Denzel Radford

No. 46
- Position: Defensive back

Personal information
- Born: May 28, 1994 (age 32) Calgary, Alberta, Canada
- Listed height: 6 ft 1 in (1.85 m)
- Listed weight: 198 lb (90 kg)

Career information
- High school: Saint Francis High
- University: Calgary Dinos
- CFL draft: 2017: 6th round, 48th overall pick

Career history
- 2017: Montreal Alouettes*
- 2017–2019: Saskatchewan Roughriders
- 2020: Toronto Argonauts*
- * Offseason or practice squad member only
- Stats at CFL.ca

= Denzel Radford =

Canadian football player (born 1994)

Denzel Radford (born May 28, 1994) is a Canadian former professional football defensive back who played in the Canadian Football League (CFL). He played U Sports football for the Calgary Dinos as a receiver, defensive back, and kick returner from 2013 to 2016.

==Professional career==
===Montreal Alouettes===
Radford was drafted by the Montreal Alouettes in the sixth round, 48th overall, in the 2017 CFL draft as a wide receiver and signed with the club on May 17, 2017. He participated in the team's 2017 training camp, and was converted to a defensive back, but did not play in any pre-season games.

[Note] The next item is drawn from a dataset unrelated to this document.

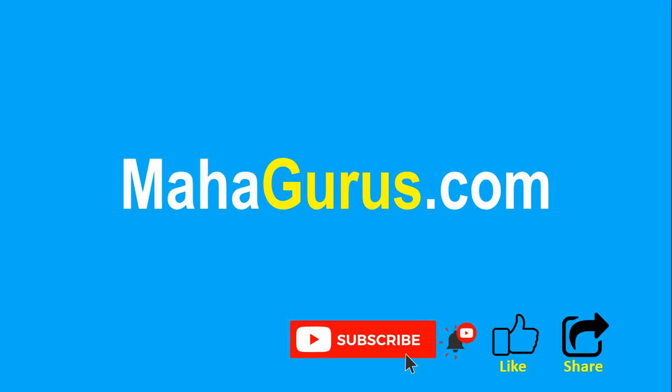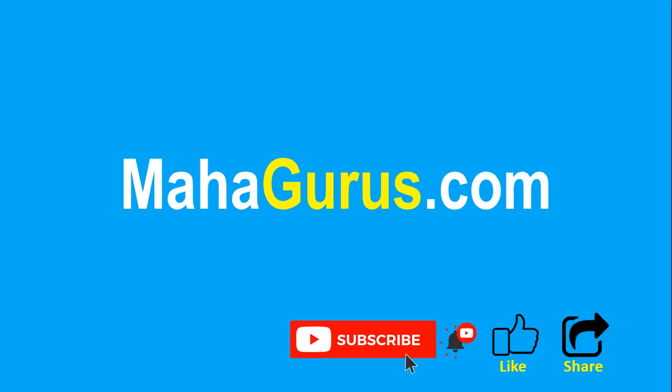If you really liked the content, please like the video and click subscribe to see more videos like this. Don't forget to share this video with others. You can find the link to complete basics to advanced Excel tutorial in the description below, or you can visit mahagurus.com to see lots of other software courses. Thank you.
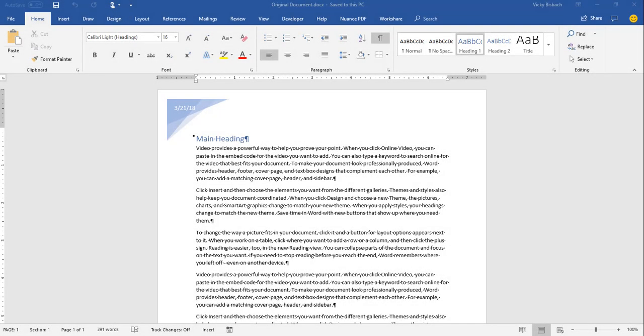In this video I'm going to teach you how to use the WorkShare Compare program to compare two Word documents. There are two different ways I'm going to walk you through: one is through using the integration within Word, and the second option is using the WorkShare Compare program itself. For the first example we're going to do it through Word.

===Saskatchewan Roughriders===
On June 7, 2017, the Alouettes traded Radford to the Saskatchewan Roughriders in exchange for offensive lineman, Matt Vonk. He made his professional debut on June 22, 2017, against his former team, the Alouettes. He played in all 18 regular season games and recorded two defensive tackles and 24 special teams tackles, finishing fourth in the CFL in special teams tackles in 2017.

The following two seasons saw Radford beset by injuries. In the 2018 season opener, he endured a torn labrum injury and was on the injured list for the remainder of the year. In 2019, he played in the first four games of the season, but suffered a knee injury and did not play until the last two regular season games of the season. He also played in the West Final against the Winnipeg Blue Bombers. He completed his three-year rookie contract, having played in 25 regular season games, tallying two defensive tackles and 28 special teams tackles.

===Toronto Argonauts===
Upon entering free agency, he signed with the Toronto Argonauts on February 12, 2020. The 2020 CFL season was later cancelled due to the COVID-19 pandemic.

==Personal life==
Radford was born to parents Jennifer Radford and Don Bruno, who named him after American actor, Denzel Washington. He has a brother. He has completed two undergraduate degrees from the University of Calgary in Finance and Economics.